И не одни эти нормы одевались оболочкой авторитарного фетишизма. Издревле выработанные, прочно сохраняющиеся технические правила получали ту же «божескую» санкцию. Из тех же десяти заповедей моисеевых одна, несомненно, формулирует собой — правда, весьма общее и широкое — «техническое правило» трудовой жизни: необходимость еженедельного, суточного отдыха. В других местах Пятикнижия имеется целый ряд частных технических правил, касающихся выбора и приготовления пищи, ухода за рабочим скотом, способов постройки и т. под.; они также входят в состав божественного законодательства, и их значение в обыденной практике, их прямая жизненная целесообразность отступает в сознании людей перед их «высшим» и «священным» источником, который и делает их для всех обязательными.
Авторитарный фетишизм, как видим, отчасти уже отрывает идеологию от трудовой практики, из которой она возникла. Но только отчасти. Авторитет, устанавливающий нормы, для всех, подчиняющихся этим нормам, есть все же член системы сотрудничества, пусть он находится далеко от людей и высоко над ними, но он остается живым, конкретным лицом, связанным с ними трудовойсвязью — руководства, заботы, покровительства. [15] Следующий этап в развитии фетишизма разрывает и эту связь.
15
Кроме богов-руководителей, существуют также часто злые боги-враги. Но они просто принадлежат к другой системе сотрудничества; руководят и управляют чуждыми, непризнанными силами, напр., другими, враждебными племенами, или разрушительными стихиями. Схема отношения норм и трудовой жизни остается та же.
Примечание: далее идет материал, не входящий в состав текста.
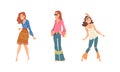 Hippie People Character Wearing Retro Style Clothing Performing Dancing Movement Vector Set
Те формы сотрудничества, которые завоевывают тогда господство, характеризуются всего более неорганизованностью системы производства в целом. Меновое общество экономически анархично; в нем нет общего, планомерного руководства его трудовой деятельностью, нет органа для сознательно-целесообразного распределения работы и ее продукта. Каждый товаропроизводитель независимо организует свое предприятие, и лишь на рынке экономически сталкивается с другими товаропроизводителями. Но на рынке царит борьба и конкуренция, за которыми скрывается от сознания товаропроизводителей объективный факт их взаимного сотрудничества, факт их общего участия в трудовой борьбе общества, как целого, за жизнь и развитие. И потому вся меновая культура это мир социальных противоречий и конфликтов, где жизнь трудового коллектива раздроблена на мелкие части, и только из их борьбы возникает развитие.